As such, we played our final card this season. On Saturday, we went from store to store looking for Steelers gear. It was important, you see, because we had committed to the ultimate make-or-break move: watching the Super Bowl with a house full of Packers fans. It wasn't quite a double-or-nothing move on this NFL season -- no matter what happened yesterday, we can safely say Packers fans were going to remember the year more fondly than Vikings fans. It was more like the gambler who walked into the casino with $2,000 and was now down to his final $100 and wanted to make just a little of that back before he went home.
So yes, we brought a Steelers pennant and mini-football over to a house full of Packers fans. The first reason was spelled out above. Basically -- and we know this is wrong -- if we could have seen a bunch of green and yellow (copyright Lil Wayne) die-hards at least temporarily sad, we could have salvaged at least a piece of the season.
The second reason was this:
Say what you want about Packers fans, but they are serious about their gameday parties. Yesterday's host made brisket for sandwiches (complete with buns from a local bakery), green and yellow Jell-o shots (seriously), bought a keg of PBR and had so many more snacks that youngsters were making it rain with bags of chips (this really happened, too). But the centerpiece of the heart-stopping feast was the Bacon Weave (aka bacon explosion). We had a slice and a half of that monstrous masterpiece. We'd estimate our blood flow is somewhere between 65 and 80 percent this morning. But it was worth it.
So with meat-wrapped-meat on our plate and the Steelers pennant cleverly tucked inside the top edges of the keg, we set out to watch the Super Bowl. Three observations, two of which will be very unpopular:
1) The commercials were awful. Embarrassing. Creativity is dead. A PR person sent us an e-mail indicating that some group had voted on the best ones and said the Doritos commercial with the pug was No. 2. That commercial was so terrible and predictable that even a pug couldn't save it. Try again, America. Try harder.
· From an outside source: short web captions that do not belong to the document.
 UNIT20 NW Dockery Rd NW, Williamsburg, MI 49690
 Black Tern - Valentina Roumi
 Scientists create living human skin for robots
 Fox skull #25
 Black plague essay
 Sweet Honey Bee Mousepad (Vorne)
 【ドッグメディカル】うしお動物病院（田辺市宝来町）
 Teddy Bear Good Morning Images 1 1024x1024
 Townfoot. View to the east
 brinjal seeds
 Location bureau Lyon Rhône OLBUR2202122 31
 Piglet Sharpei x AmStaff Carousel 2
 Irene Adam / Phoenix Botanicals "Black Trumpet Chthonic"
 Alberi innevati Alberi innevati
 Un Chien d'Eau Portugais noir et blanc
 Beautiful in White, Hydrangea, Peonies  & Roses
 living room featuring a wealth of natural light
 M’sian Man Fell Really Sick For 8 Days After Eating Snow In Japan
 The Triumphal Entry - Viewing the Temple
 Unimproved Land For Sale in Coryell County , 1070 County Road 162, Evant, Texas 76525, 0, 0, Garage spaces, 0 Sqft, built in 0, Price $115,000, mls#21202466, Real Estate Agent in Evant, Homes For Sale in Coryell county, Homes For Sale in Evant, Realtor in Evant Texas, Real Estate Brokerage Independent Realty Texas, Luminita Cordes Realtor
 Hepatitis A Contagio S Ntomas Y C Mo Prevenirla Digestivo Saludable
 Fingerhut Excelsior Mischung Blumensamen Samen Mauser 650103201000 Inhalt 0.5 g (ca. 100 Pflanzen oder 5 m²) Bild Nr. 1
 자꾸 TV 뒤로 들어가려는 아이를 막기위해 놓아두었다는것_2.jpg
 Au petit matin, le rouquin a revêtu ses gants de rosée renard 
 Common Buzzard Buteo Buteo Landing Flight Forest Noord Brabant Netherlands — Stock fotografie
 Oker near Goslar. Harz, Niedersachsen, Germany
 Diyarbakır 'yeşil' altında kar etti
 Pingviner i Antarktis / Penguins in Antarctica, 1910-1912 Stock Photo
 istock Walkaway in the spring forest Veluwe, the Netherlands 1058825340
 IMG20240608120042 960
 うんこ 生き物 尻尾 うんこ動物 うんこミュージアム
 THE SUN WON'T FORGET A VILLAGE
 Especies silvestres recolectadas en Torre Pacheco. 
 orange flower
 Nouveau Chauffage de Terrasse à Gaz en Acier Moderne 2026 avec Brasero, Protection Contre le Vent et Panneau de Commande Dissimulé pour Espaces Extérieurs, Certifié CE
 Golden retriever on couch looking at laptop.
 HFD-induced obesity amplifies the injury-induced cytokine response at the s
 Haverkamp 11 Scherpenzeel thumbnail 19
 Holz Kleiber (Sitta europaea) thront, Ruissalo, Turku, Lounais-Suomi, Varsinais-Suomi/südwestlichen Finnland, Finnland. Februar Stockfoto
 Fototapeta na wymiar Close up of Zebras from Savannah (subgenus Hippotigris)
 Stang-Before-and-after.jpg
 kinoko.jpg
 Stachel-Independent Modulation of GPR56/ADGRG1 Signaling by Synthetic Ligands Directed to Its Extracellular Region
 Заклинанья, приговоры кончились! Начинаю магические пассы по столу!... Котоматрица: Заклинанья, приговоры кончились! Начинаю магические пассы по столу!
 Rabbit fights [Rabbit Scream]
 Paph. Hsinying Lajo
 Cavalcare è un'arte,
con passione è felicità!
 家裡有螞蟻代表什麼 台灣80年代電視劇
2) The halftime show was the best it has been in years. If you don't like the Black Eyed Peas, well, whatever ... try to at least secretly like them. We won't tell the hipster police. They were entertaining and lively. They tried to ruin it with a terrible rendition of Sweet Child O' Mine, but they couldn't. We'll take that over the dusted off relics any day.
3) Aaron Rodgers is the best QB in football. Better than Peyton Manning. Better than Tom Brady. The. Best. Right now. A good scheme can shut down Brady. We're not sure what to do with Rodgers. Bring pressure and he can beat you over the top or evade and run. Hang back and he'll pick you apart. Flood the middle and he'll beat you on the edges. He throws the nicest passes into the tightest spaces without making it look dangerous. It is infuriating, but we cannot hate Aaron Rodgers. He's just that good. Already. Eight of his past 11 games have involved passer ratings above 111 (including the Super Bowl). If his receivers weren't so average, he would be even more ridiculous.
And so it goes that the best player on the field was playing for the winning team. It confirmed our fears and offered the final indignity to this season. As a Vikings fan, though, we have to remain optimistic.
When we think about how at least the Vikings have a plan going forward next season ... how they know who their franchise QB is going to be ... how they aren't getting older, but getting better ... how there weren't countless ridiculous off-field issues this year ... how the Packers aren't deep and talented and didn't win the Super Bowl despite having several key players watching from the sidelines ...
We think about all those things, and everything is OK.
After today, let us never speak of this NFL season again.